代碼下面包括了什麼，我試圖做更具體的例子：

from Bio import SeqIO 
import random 
GenomeSeq = SeqIO.read(open("reference_sequence.gbk", "r"), "genbank") 

interesting_position = random.randint(0, len(GenomeSeq)) 

for feature in GenomeSeq.features: # loop each position through whole genome 
    # In this particular case I'm interested in focusing on cds, but 
    # in others, I may be interested in other feature types? 
    if feature.type == "CDS": 
     if (feature.location._start.position <= interesting_position and 
      feature.location._end.position >= interesting_position): 
      try: 
       print feature.qualifiers['gene'] 
      except KeyError: 
       print feature

我想過做一個字典，對應於按鍵的基因內的每個位置，功能ID作爲值，作爲查找會比循環快，但它只是好像應該有辦法做到GenomeSeq[interestion_position].qualifiers['gene']

來源

2013-07-25 ded

類似'GenomeSeq [interesting_position] .features（）'，也許？ – verbsintransit

@verbsintransit是的，這將是偉大的，但它似乎沒有工作，我得到一個屬性錯誤（'str'對象沒有屬性'功能'）。
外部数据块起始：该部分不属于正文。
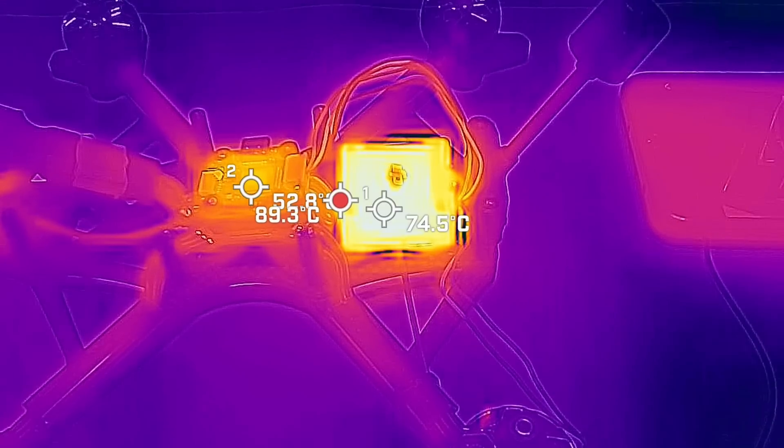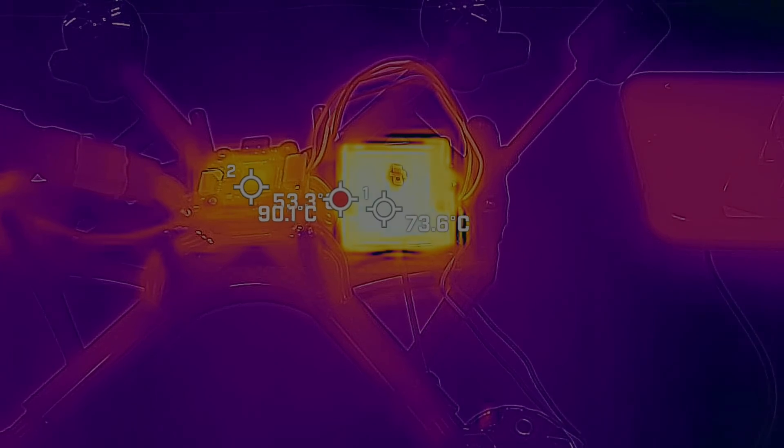Air unit getting too hot — unplug all your drones. It is getting too hot and it's gonna shut my drone off.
這是否有用，或只是你想看到工作的東西？ – ded

我從來沒有用過BioPython，但我發現這個位於它的文檔中：http://biopython.org/wiki/SeqIO

from Bio import SeqIO 
handle = open("example.fasta", "rU") 
records = list(SeqIO.parse(handle, "fasta")) 
handle.close() 
print records[0].id #first record 
print records[-1].id #last record

這是你在找什麼？

來源

2013-07-25 21:06:57 sihrc

根據它們在fasta文件中的順序訪問不同的序列條目，而不是根據隨機位置確定特定的基因。 – ded

相當古老，但我會試一試。讓我們假設你要檢查點的隨機列表對於給定的基因組（和一些基因組不是一個固定的點的集合）：

from Bio import SeqIO 
import random 

GenomeSeq = SeqIO.read(open("sequence.gb", "r"), "genbank") 

# Here I generate a lot of random points in the genome in a set 
interesting_positions = set(random.sample(xrange(1, len(GenomeSeq)), 20000)) 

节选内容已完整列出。